Dataset records: Begin
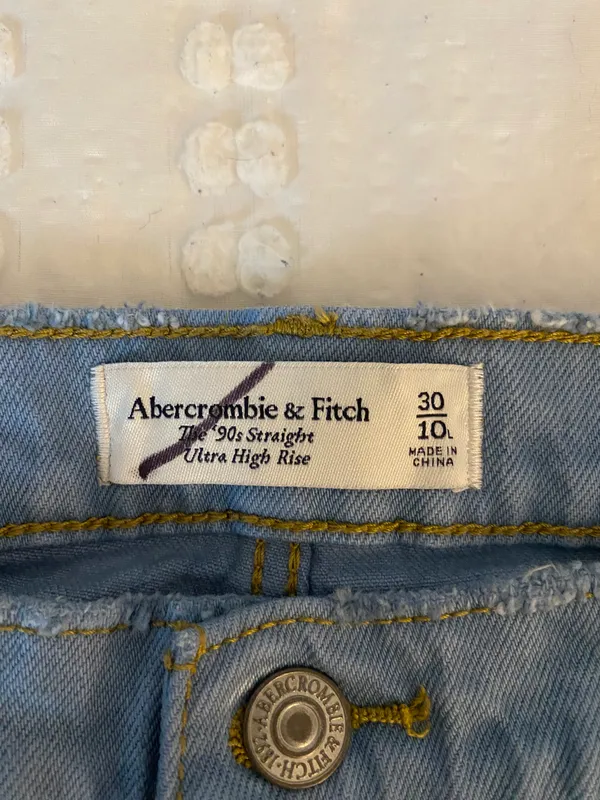 Abercrombie And Fitch Cargo Jeans - Image 3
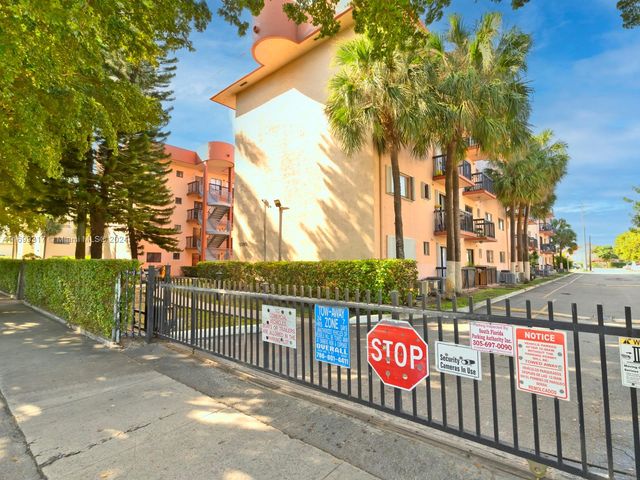 $250,000 | 5390 West 21st Court, Unit 312 | Hialeah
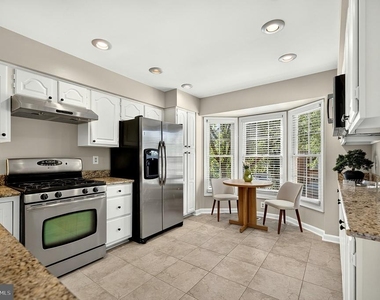 8006 Trevor Place - Photo Thumbnail 6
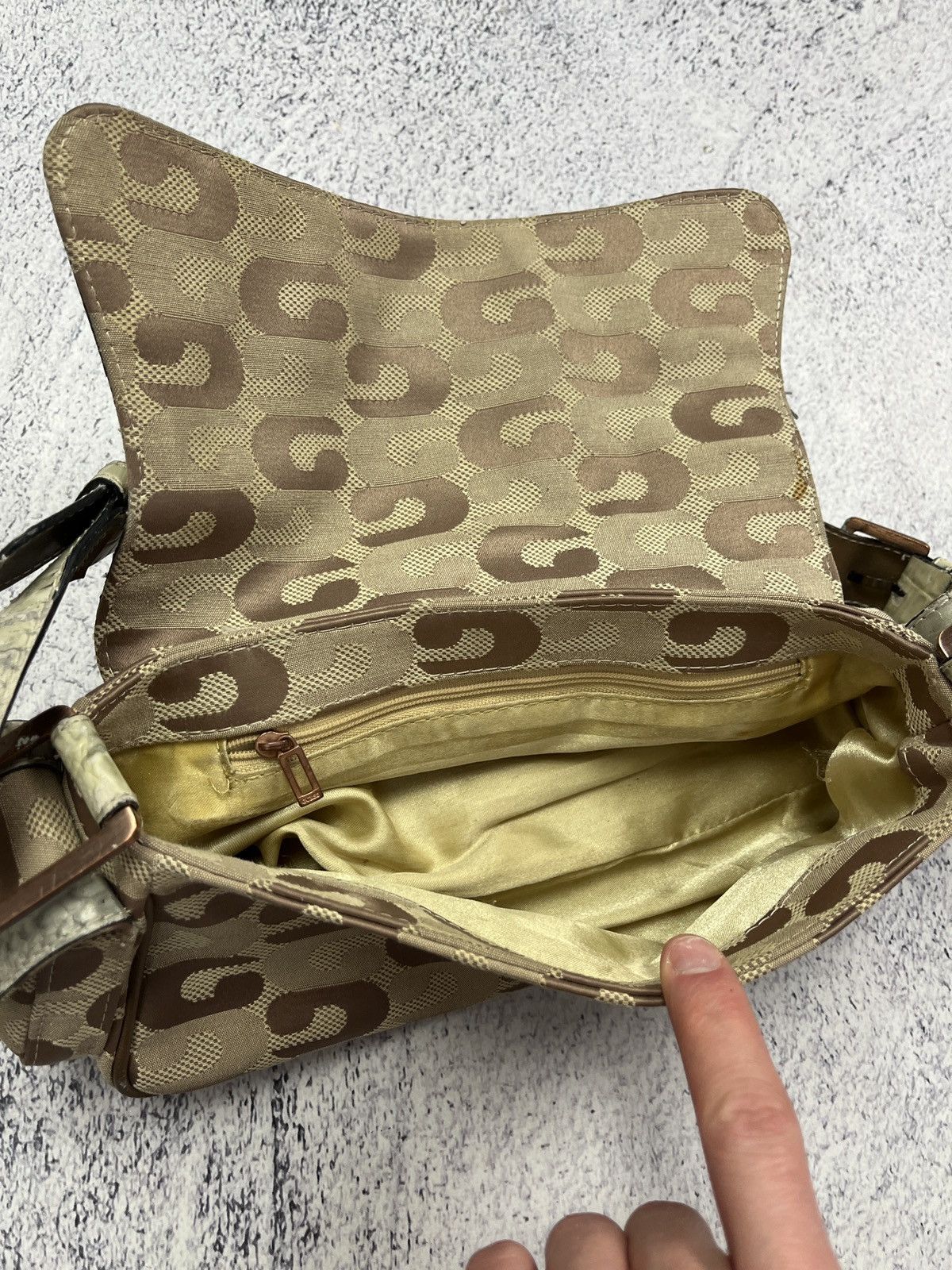 Guess Vintage 00’s GUESS Cloth Handbag Monogram Y2k Avant Garde Size ONE SIZE - 11 Thumbnail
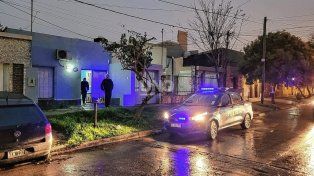 Santo Tomé: golpearon a una mujer policía uniformada y le robaron su arma reglamentaria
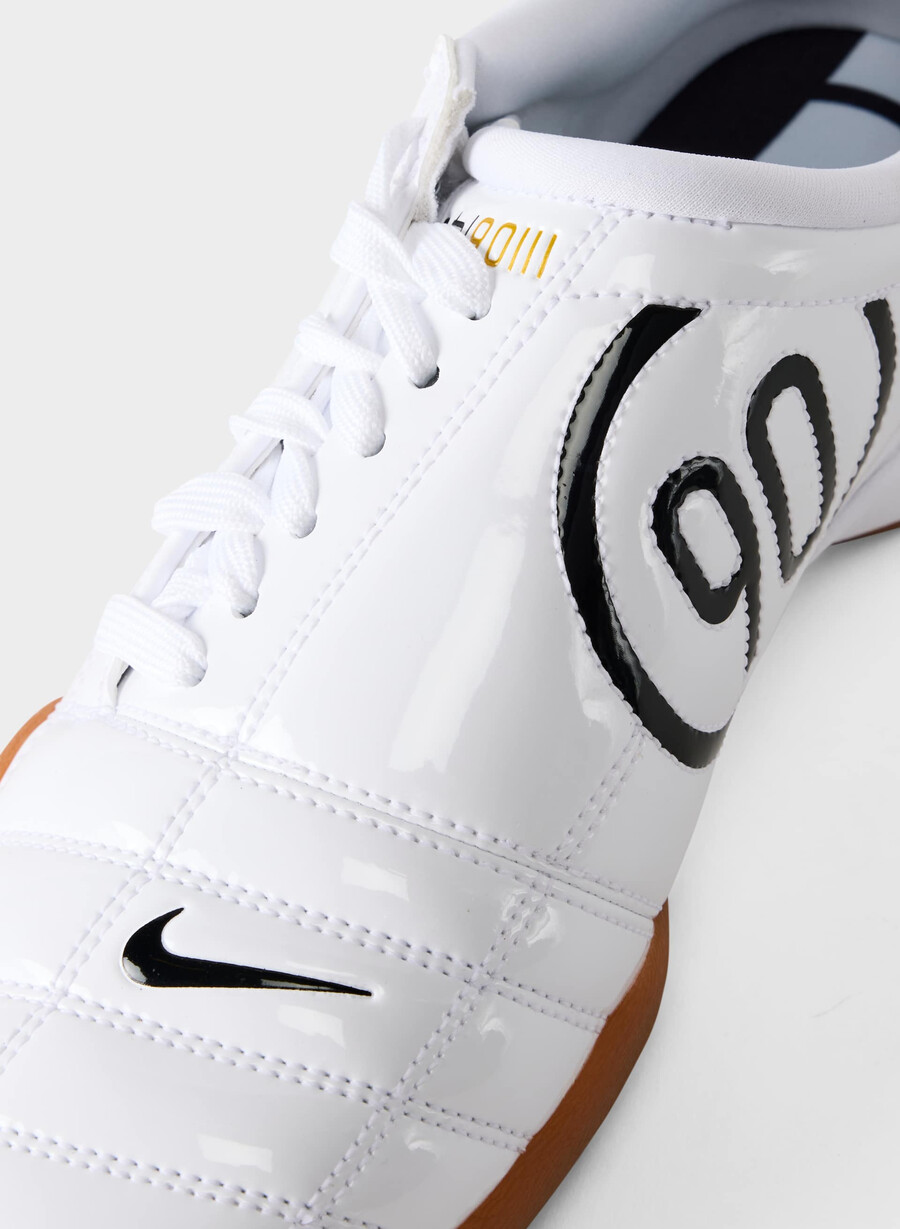nike t90 hvitsvartgull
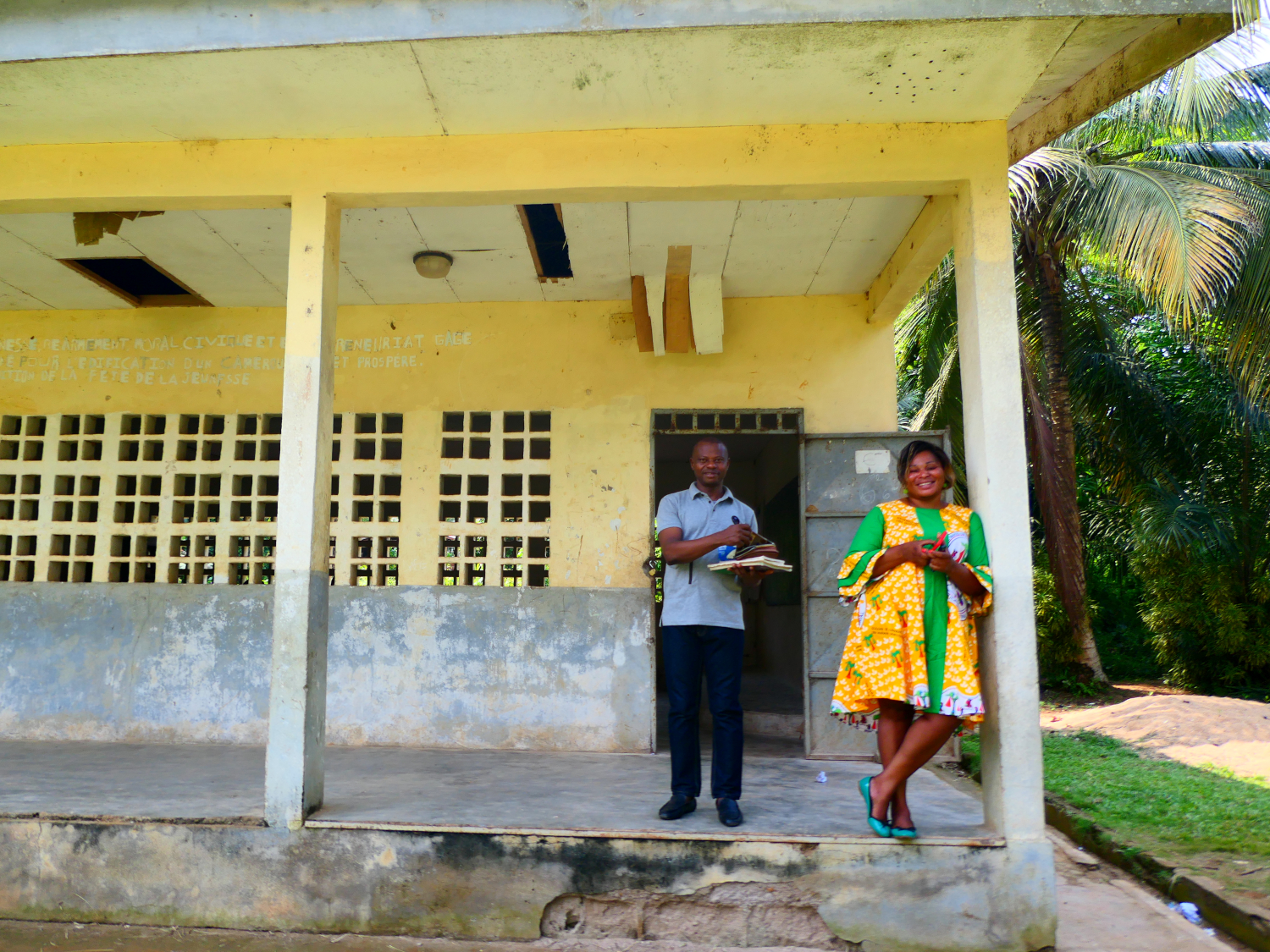 Patrice, censeur du collège et Amélie, professeure de français © Globe Reporters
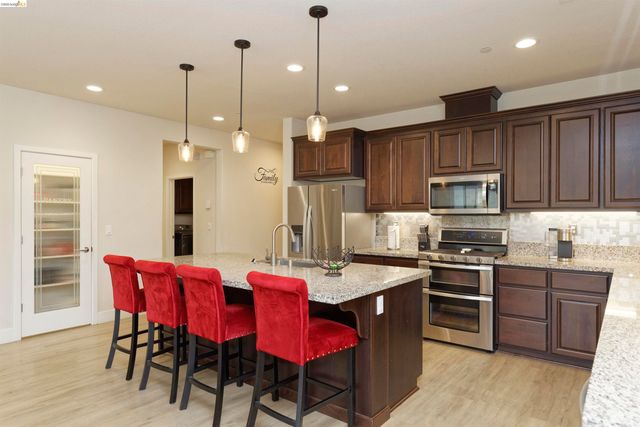 5506 Monte Vista Way, Antioch, CA 94531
Dataset records: End
Work instructions:
Only the lines from the one that contains "Santo Tomé: golpearon" through the last line of the records may appear in the answer, retyped exactly and with no pictures.

The completed task:
 Santo Tomé: golpearon a una mujer policía uniformada y le robaron su arma reglamentaria
nike t90 hvitsvartgull
 Patrice, censeur du collège et Amélie, professeure de français © Globe Reporters
 5506 Monte Vista Way, Antioch, CA 94531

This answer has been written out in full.